Politico reported Tuesday that Sen. Richard Lugar, R-Ind., and state Treasurer Richard Mourdock, who defeated Lugar in the May 8 Republican primary election, "have apparently buried the hatchet."
Politico's Scott Wong wrote that six-term incumbent Lugar introduced Mourdock at the Senate Republicans' weekly luncheon Tuesday.
Wong reported that after Lugar learned Mourdock would attend the luncheon, "Lugar asked National Republican Senatorial Committee Chairman John Cornyn if he could personally introduce Mourdock. Mourdock repaid the favor, praising the 80-year-old Lugar's lifetime of public service to Indiana and the country."

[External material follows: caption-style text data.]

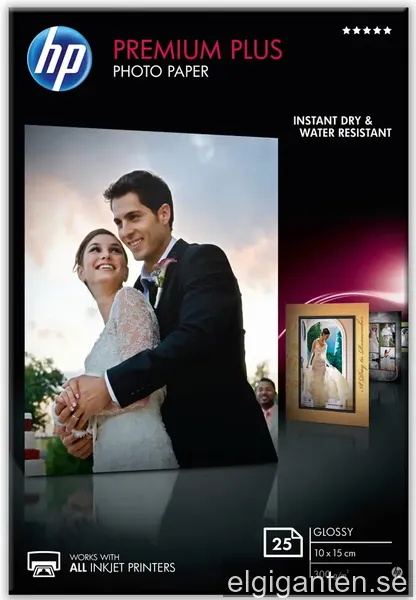 HP Fotopapper Premium Plus 25 ark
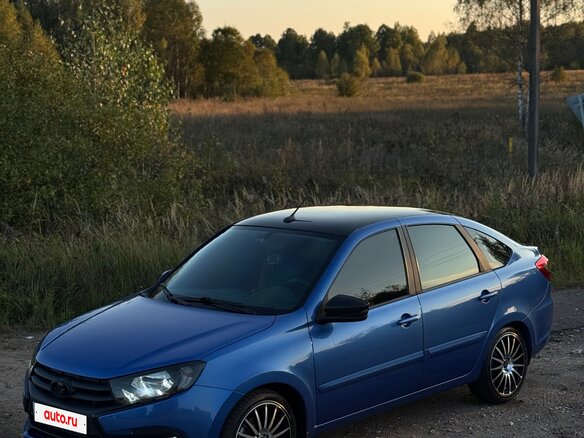 2021 Lada (ВАЗ) Granta I Рестайлинг, синий, 850000 рублей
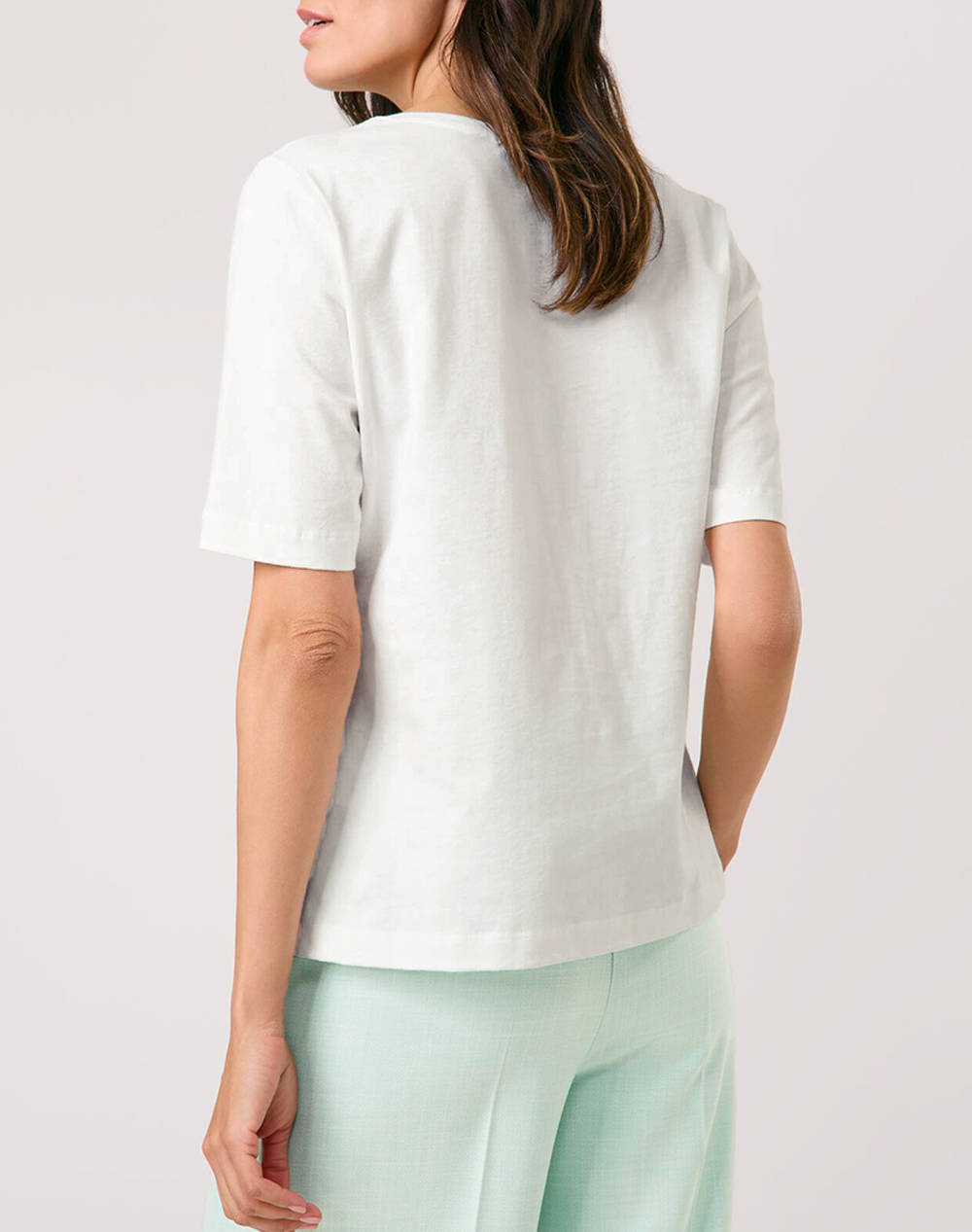 GERRY WEBER T-SHIRT 1/2 SLEEVE 570279-35018-09059 OffWhite φωτογραφία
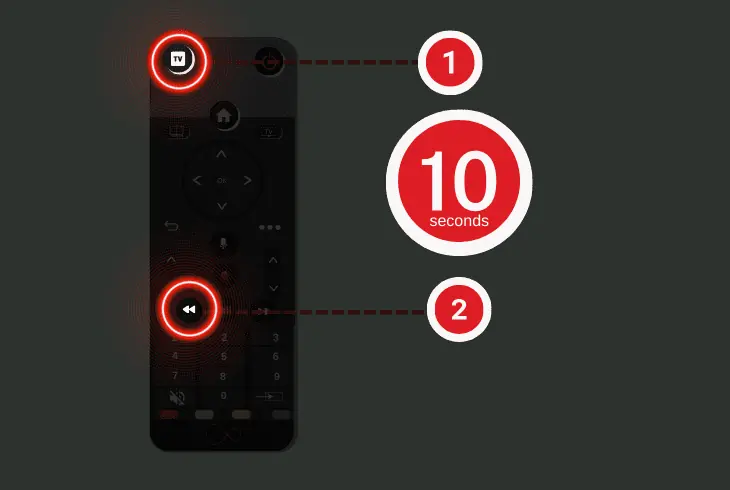 reset and re-program the virgin remote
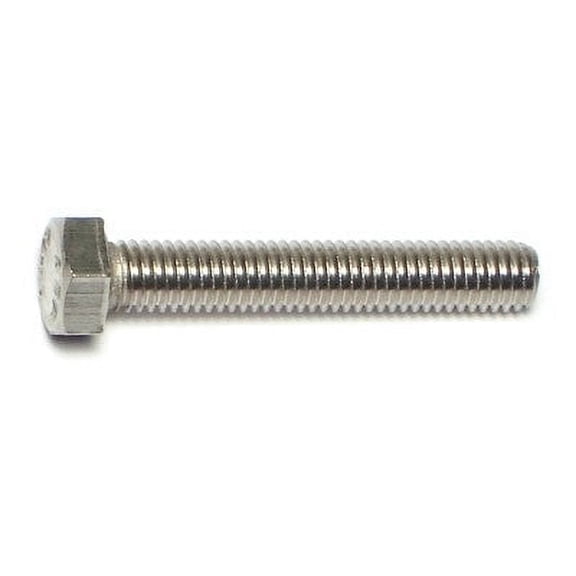 5mm-0.8 x 30mm Stainless A2-70 Steel Coarse Thread Hex Cap Screws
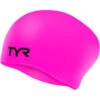 TYR Long Hair Wrinkle Free Cap - Flourescent Pink -Sports Basement Outlet long hair wrinkle free cap fl pink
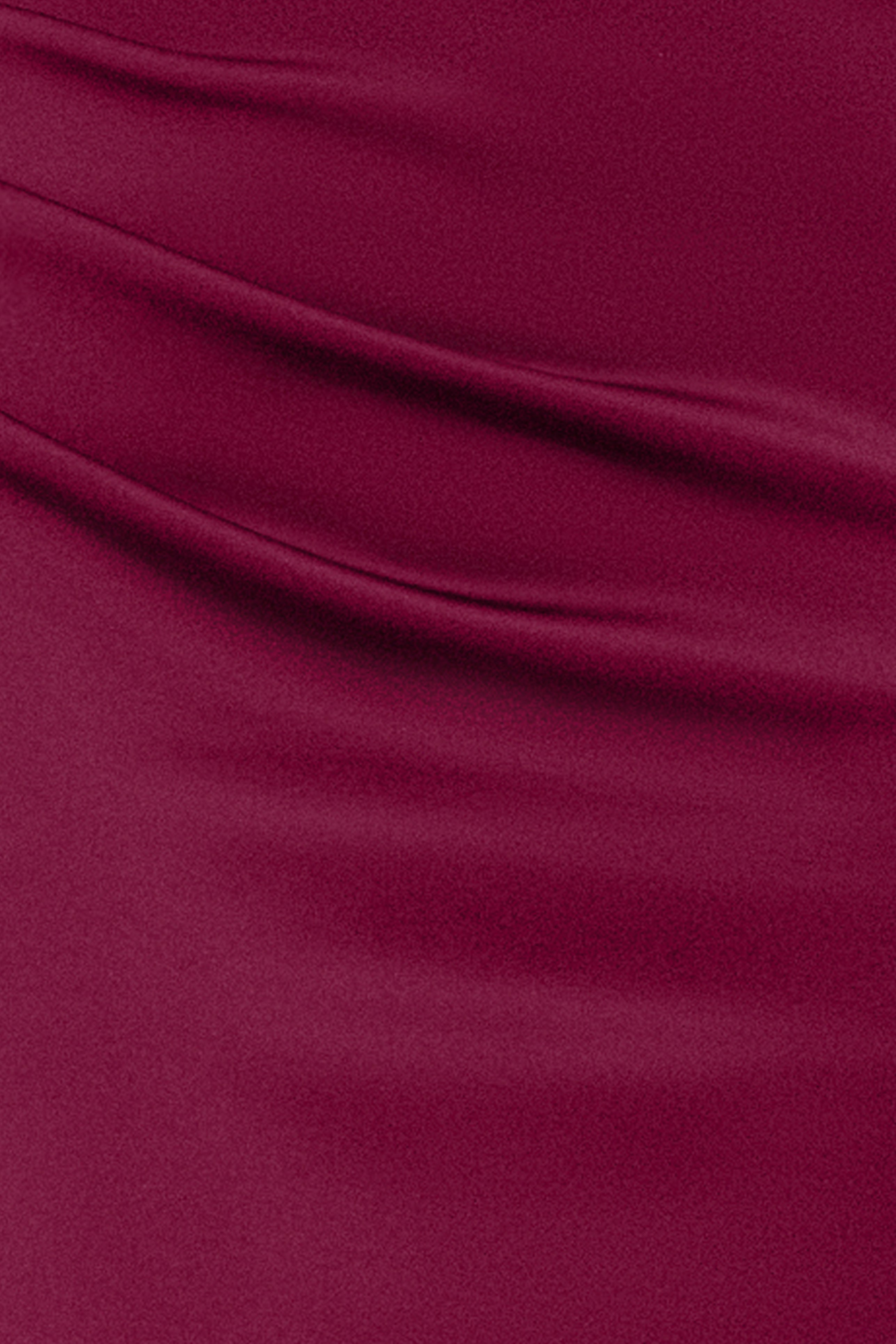 "Mitch" Techno Scuba Asymmetrical Neckline Dress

"Lugar was 'incredibly, incredibly gracious,' Mourdock told reporters upon leaving the lunch," Wong wrote.
Lugar spokesman Andy Fisher said in an email: "Arrangements were made in advance for Lugar to make the introduction. It is a closed Senators-only meeting so I don't know more."
Mourdock's campaign did not respond to a request for a comment.
Wong wrote that Lugar's introduction of Mourdock "signified that the GOP is unified behind Mourdock as he heads into the November general election against Democratic Rep. Joe Donnelly."
The National Republican Senatorial Committee even emailed the Politico story to news media.
Donnelly's campaign said last week that a group called Republicans for Donnelly has attracted about 60 members in the two months since its formation. The group was organized by Lugar supporters after his primary-election loss to Mourdock.
Mourdock, his campaign and its backers had accused Lugar of being too moderate in his Senate votes and took him to task for not having lived in Indiana since 1977. Lugar's camp called Mourdock too inflexible in his conservatism and contended out-of-state interests were trying to sway the outcome of the race.
The night of the election, Lugar said in a statement: "If Mr. Mourdock is elected, I want him to be a good senator. But that will require him to revise his stated goal of bringing more partisanship to Washington.... In effect, what he has promised in this campaign is reflexive votes for a rejectionist orthodoxy and rigid opposition to the actions and proposals of the other party.... This is not conducive to problem solving and governance."
Sen. Dan Coats, R-Ind., was at Tuesday's luncheon. He told Politico, "I've gotten the sense that Senator Lugar has reached out to (Mourdock) in friendship, and Richard has acknowledged receipt of that, and I'm very pleased with what took place today."